The clock is ticking for the Chinese government to achieve its wind and solar power parity targets by the end of 2020.
Subsidies play a key role in renewables project development in China, and for years have placed a major financial burden on the Renewable Energy Development Fund managed by China’s central government. By the end of 2018, the fund had already accumulated a deficit of over RMB 100 billion ($14.5 billion).
China wants to reach its wind and solar power grid parity targets by 2020, so that electricity created by these sources can be sold to the grid at the same price as coal-fired power. To achieve this, the government is now leveraging its range of policies in a careful balancing act to both reduce the subsidy burden on the fund while maintaining a fairly stable market.
On May 24, China’s National Energy Administration released its final guidance on wind power prices for existing and new projects, underpinning its determination to achieve grid parity. According to the notice, new onshore projects permitted after January 1, 2021 must be subsidy-free.
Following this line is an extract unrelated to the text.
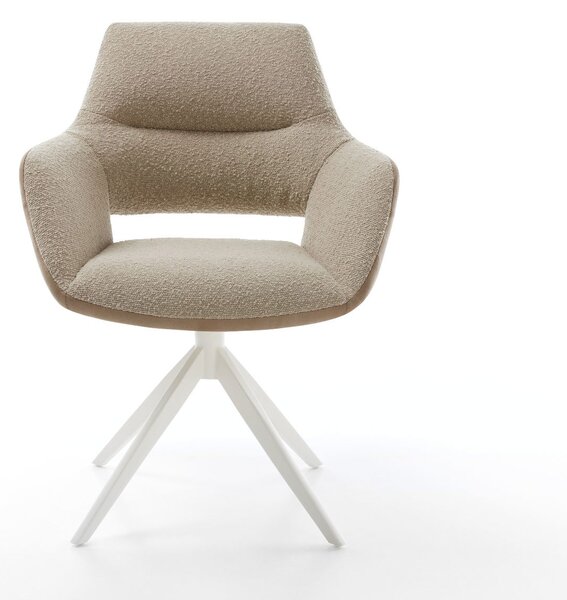 DELIFE Jídelní židle Yago-Flex s područkami kombinace materiálů tmavě béžová křížová podnož široká bílá otočná o 360° houpací funkce taštičkové pružiny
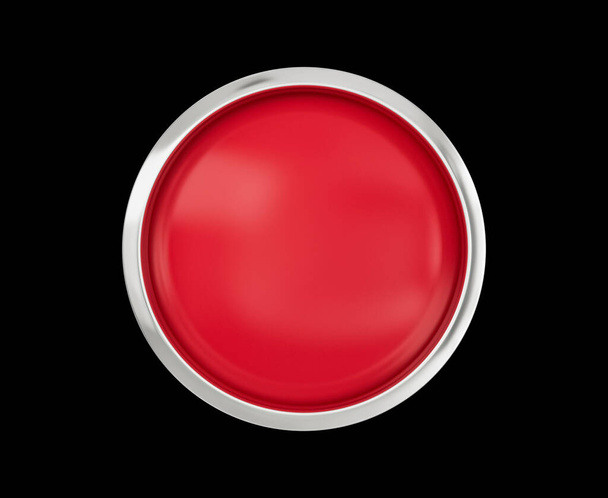 A 3d rendering of a red and silver blank application button icon - Photo, Image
Before that, developers will need to bid in provincial-level auctions to receive wind power tariffs above the regulated coal-fired tariff level.
Strike prices for onshore wind auctions during the transition period are to be capped and reduced based on existing wind feed-in tariffs (FITs) as ceiling prices. In 2019, the cap will be reduced by 8 to 15 percent for all regional wind classes, and will further drop by RMB 50 ($7.10) per megawatt-hour in 2020.
Commenting on this, Wood Mackenzie’s senior China wind analyst Xiaoyang Li said, “We expect new onshore capacity in 2019 will increase compared with 2018 as developers rush to connect remaining FIT-qualified project capacities to the grid. This is driven by the expectation of increasing constraints by the central government on the market volume of subsidized auctions in each province, and the likely requirement for future gigawatt-level national wind bases to be subsidy-free.”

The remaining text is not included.